* _RECORDS_
[Start of Attachment]

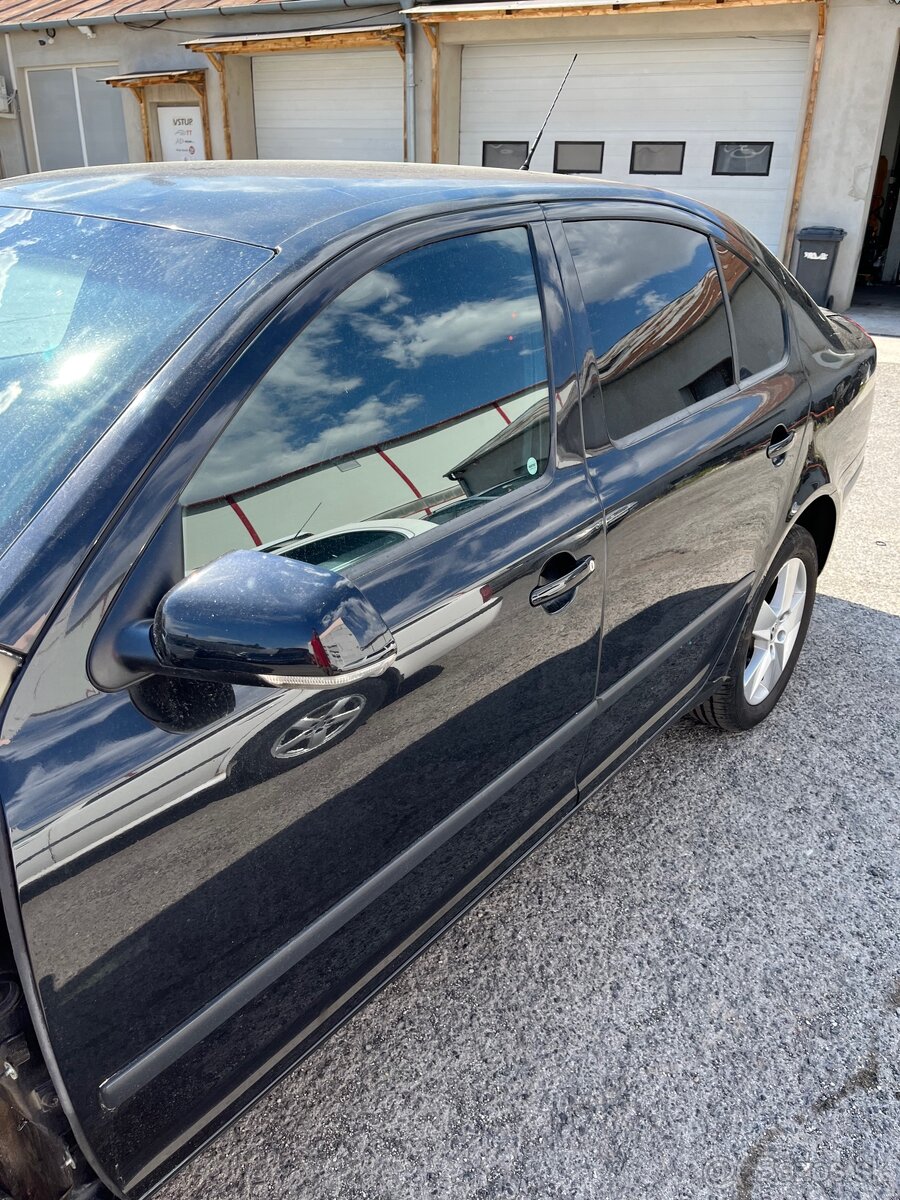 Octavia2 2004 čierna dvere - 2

[End of Attachment]
[Start of Attachment]

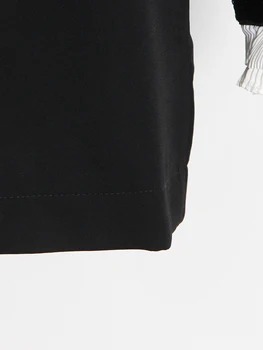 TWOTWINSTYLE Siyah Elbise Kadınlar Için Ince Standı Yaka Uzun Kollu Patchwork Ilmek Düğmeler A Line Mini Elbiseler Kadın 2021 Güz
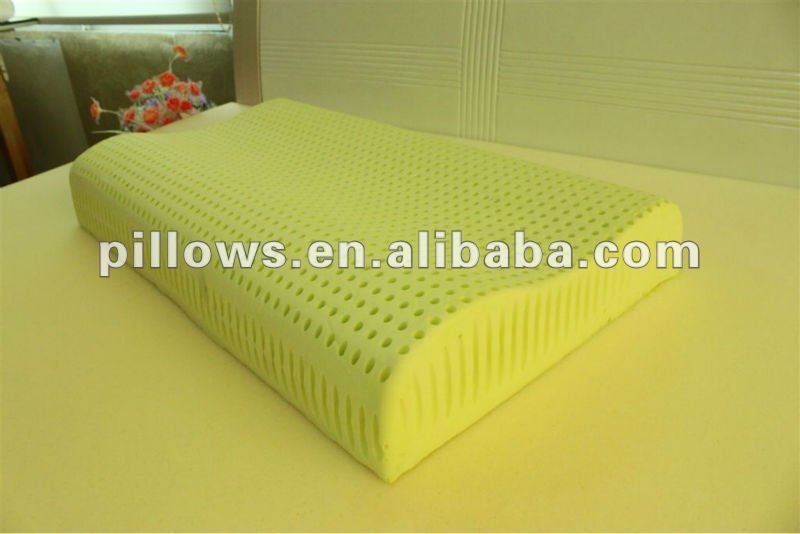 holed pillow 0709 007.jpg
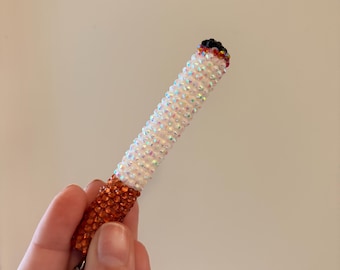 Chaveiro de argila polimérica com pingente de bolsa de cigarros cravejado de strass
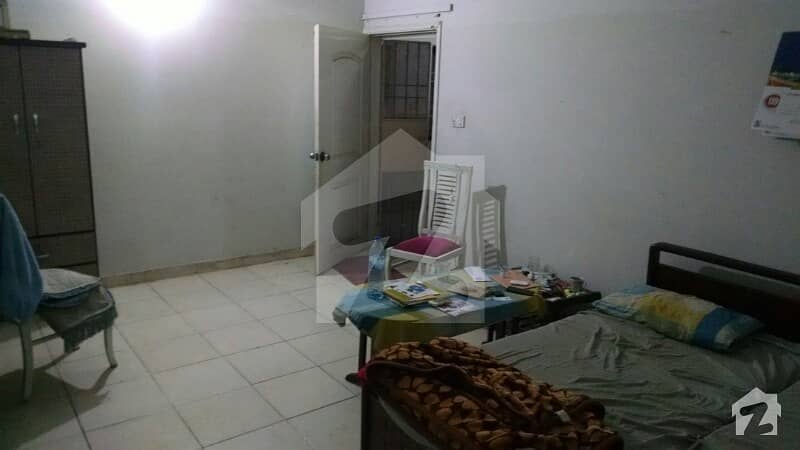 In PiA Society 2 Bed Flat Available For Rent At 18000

[End of Attachment]

* _WORK TO COMPLETE_
Output only the stretch above from the line with "TWOTWINSTYLE Siyah Elbise" through the line with "In PiA Society", reproduced exactly. Exclude pictures.

* _WRITTEN SOLUTION_
 TWOTWINSTYLE Siyah Elbise Kadınlar Için Ince Standı Yaka Uzun Kollu Patchwork Ilmek Düğmeler A Line Mini Elbiseler Kadın 2021 Güz
 holed pillow 0709 007.jpg
 Chaveiro de argila polimérica com pingente de bolsa de cigarros cravejado de strass
 In PiA Society 2 Bed Flat Available For Rent At 18000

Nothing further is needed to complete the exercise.